A Foreign Transplant Gone Awry
The modern Arab nation-state emerged over the past 100 years mostly at the prompting of colonial powers. Unfortunately, they imposed Europe’s post-Westphalian model on a region that lacked the basic prerequisites of statehood, including tolerance, political participation and compromise, fair and free elections, and government accountability and transparency.
More importantly, the European model was grounded in the principle that sovereignty resides in the people, which underpins the leader’s legitimacy to rule. In the Arab nation-state system, by contrast, sovereignty resides in the leader. Freedoms and rights are granted to the people through the leader’s benevolence. Many of these leaders have drawn on symbols from Islam, tribalism, and ideology to justify their total control of the political system, using the ever-deepening security or mukhabarat state to bolster their power.
This century-old imported system failed to take into account the social, tribal, religious, ethnic, and sectarian realities on the ground and the rulers’ ability to manipulate these realities for their cynical and selfish interests. In the post-World War I territories, the colonial powers melded diverse groups together under the banner of one state and placed a dictator on top to keep the peace and serve the interests of foreign powers. Egypt became nominally independent under a monarchy beholden to the British, also around the same time.
The British Empire extended protection over the Arab sheikhdoms of the Persian Gulf as part of its “East of Suez” strategy to protect British routes to and interests in India. The French and other European powers spread their colonial control over North Africa. As colonialism weakened, especially in the post-World War II era, all those mandates, colonies, and protectorates gained independence. Some became independent through violence and revolutions, others through political maneuverings concocted by foreign powers directly or by proxy. Independence, however, did not trickle down to the people. Monarchies, tribal family potentates, and single-party leaders held a monopoly on power and kept their peoples at bay through demagoguery, threats, and co-optation.
During this time, the European nation-state became creative and uplifting, while the Arab counterpart remained stifling and depressing.
Arab Autocracy In the Saddle
Autocratic regimes exploited Arab nationalism, Islam, and other populist ideologies—including Baathism and socialism—to hold their societies together. Other than Egypt, most of the other countries, especially in the Levant and the Gulf, were essentially artificial structures forced to function by omnipotent autocrats—kings, presidents, and family potentates.
Regimes used their power to serve the interests of the ruling elites in a well-greased system of kleptocrocy. They used their new gained power to expand their police and security apparatus, buttress autocracy, silence critics, eviscerate the opposition, and avoid accountability. The system gave rise to rampant corruption, nepotism, repression, and plutocracy.

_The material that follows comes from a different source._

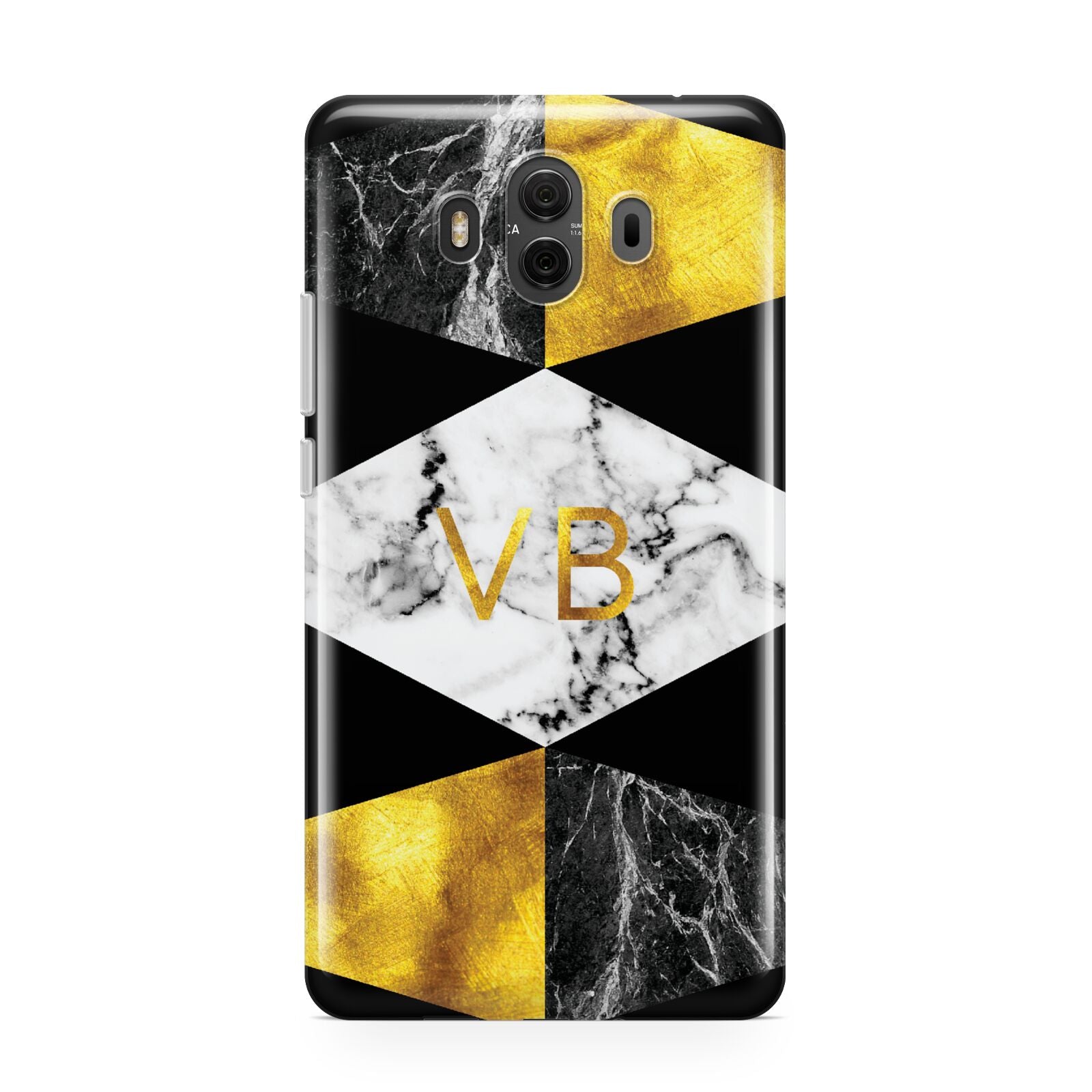 Personalised Gold Marble Initials Huawei Mate 10 Protective Phone Case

In the 1950s and 1960s, Egypt’s Gamal Abdul Nasser’s promised that downtrodden Arabs would enjoy a bright future under the banner of Arab nationalism. Yet, what emerged was nothing more than a police state that either incarcerated, killed, or exiled dissidents.. Such was the case in Iraq, Syria, Libya, Tunisia, and Algeria. The downtrodden in Saudi Arabia, Jordan, and Morocco didn’t fare any better.
In the past five years, autocracy in several Arab countries has become more entrenched and more harmful to the long-term interests of those countries—and arguably to the interests of the United States. Egypt’s strongman Abdel Fattah el-Sisi has marginalized Egypt’s regional influence, stifled its traditionally rich cultural vibrancy, and destroyed all chances for innovation and creativity. His penchant for building more prisons to house the ever-growing numbers of political prisoners and for bankrolling the military, especially the officer class, has made the country more dependent on financial support from Saudi Arabia and other Gulf countries.

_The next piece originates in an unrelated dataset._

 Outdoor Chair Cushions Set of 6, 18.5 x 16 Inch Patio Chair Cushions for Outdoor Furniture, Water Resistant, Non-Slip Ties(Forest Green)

The previous three “modern pharaohs,” regardless of their poor human rights record, expanded Egypt’s regional prominence and stature. Despite el-Sisi’s pretentious aspirations to emulate them, he has failed to uphold Egypt’s prominence. Under him, Egypt has been reduced to a second-rate regional power. Indeed, Saudi Arabia under the influence of its brash deputy crown prince and minister of defense is vying to replace Egypt as the leader of the Arab world.

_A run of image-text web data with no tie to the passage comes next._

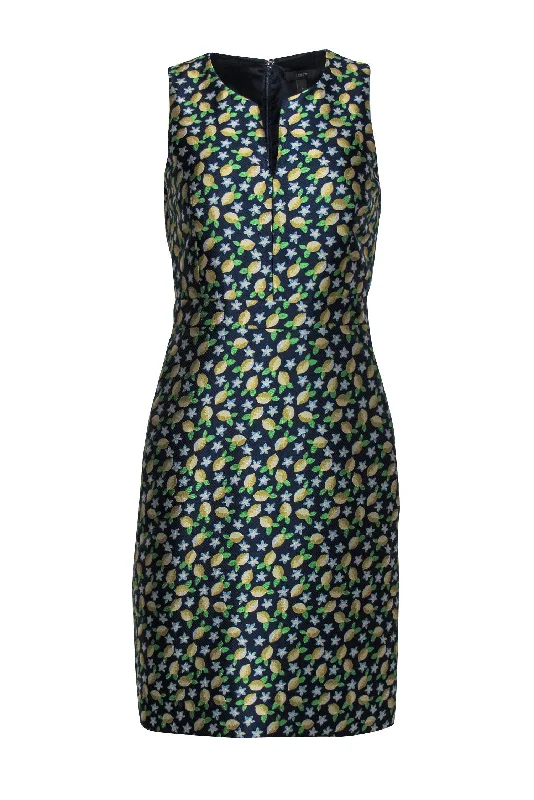 J.Crew - Navy Lemon Patterned Sheath Dress Sz 0 Unique unclassified dresses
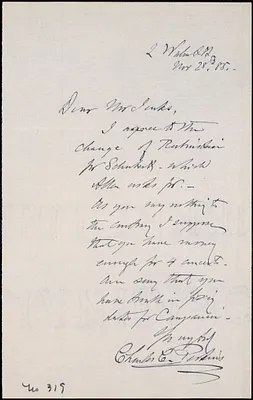Letter from Charles C. Perkins to Francis H. Jenks, 1885 November 28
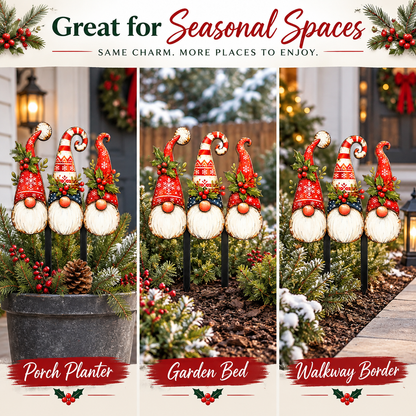 Christmas gnome garden stakes shown in planter garden bed and walkway settings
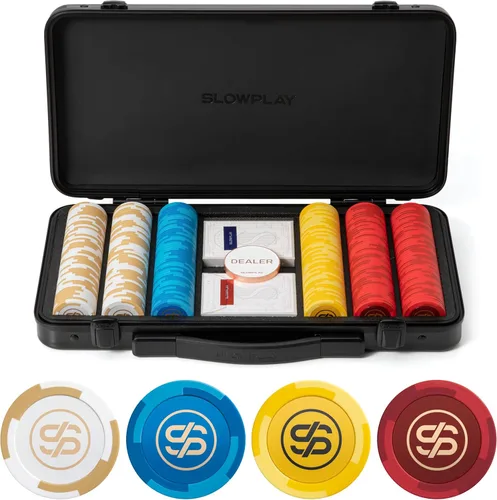 SLOWPLAY Godel - Juego de fichas de póquer de arcilla de 0.49 oz para Texas Hold'em, 300 piezas [fichas en blanco] cuenta con una caja de chips de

Bahrain is another example of the harmful effects of autocracy. Right after independence in 1971, Bahrain was known as the “pearl” of the Gulf. It was culturally and religiously tolerant, business-friendly, educationally vibrant, and religiously and socially pluralistic. It boasted several newspapers and magazines, and freedom of expression was relatively tolerated. The Sunni ruling minority and the Shia majority worked together in relative harmony.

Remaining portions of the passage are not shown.